While the obvious way to reduce your cold-start times is to reduce the number of classes that you need to load, this is rarely easy to do, and often not possible. For example, if you're writing a web-app in Spring there's no way around initializing the Spring application context before processing a web request.
If that's not an option, and you're using the Maven Shade plugin to produce an "uber-JAR", you should switch to the Assembly plugin as I describe here. The reason is that Lambda unpacks your deployment bundle, so an "uber-JAR" turns into lots of tiny classfiles that have to be individually opened.
Lastly, increase your memory allotment. This without question the best thing that you can do for Lambda performance, Java or otherwise. First, because increasing memory reduces the amount of work that the Java garbage collector has to do. Second, because the amount of CPU that your Lambda gets is dependent on the memory allotment. You don't get a full virtual CPU until 1,769 MB. I recommend that for a Java app you give it 2 GB; the cost of the bigger allotment is often offset by reduced CPU requirements.
One thing I would not do is pay for provisioned concurrency. If you want a machine up and running all the time, use ECS/EKS/EC2. And recognize that if you have a bump in demand, you're still going to get cold starts.
Update: I spent some time over the holiday quantifying various performance improvement techniques. The full writeup is here, but the numbers are worth repeating.

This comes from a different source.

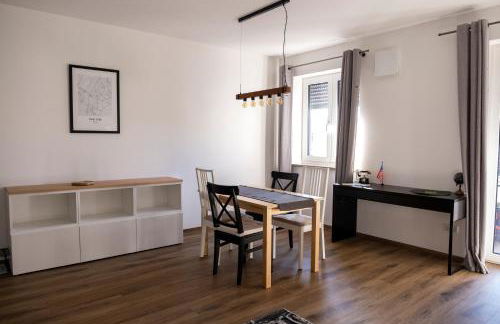 Appartements London/New York - Foto 11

My example program was, like the OP's, a "do nothing" that just created an SDK client and used it to invoke an API:
public void handler(Object ignored, Context context)
{
long start = System.currentTimeMillis();
AWSLogs client = AWSLogsClientBuilder.defaultClient();
long clientCreated = System.currentTimeMillis();
client.describeLogGroups();
long apiInvoked = System.currentTimeMillis();
System.err.format("time to create SDK client = %6d\n", (clientCreated - start));
System.err.format("time to make API call = %6d\n", (apiInvoked - clientCreated));
}
I ran this with different memory sizes, forcing a cold start each time. All times are in milliseconds:
| | 512 MB | 1024 MB | 2048 MB | 4096 MB |
|+++++++++++++++++++|+++++++++|+++++++++|+++++++++|+++++++++|
| Create client | 5298 | 2493 | 1272 | 1019 |
| Invoke API call | 3844 | 2023 | 1061 | 613 |
| Billed duration | 9213 | 4555 | 2349 | 1648 |
As I said above, the primary benefit that you get from increasing memory is that you increase CPU at the same time. Creating and initializing an SDK client is CPU-intensive, so the more CPU you can give it, the better.
Update 2: this morning I tried compiling a simple AWS program with GraalVM. It took several minutes to build the stand-alone executable, and even then it created a "fallback image" (which has an embedded JDK) due to dependencies of the AWS SDK. When I compared runtimes, there was no difference between running with standard Java.
Bottom line: use Java for things that will run long enough to benefit from Hotspot. Use a different language (Python, JavaScript, perhaps Go) for things that are short-running and need low latency.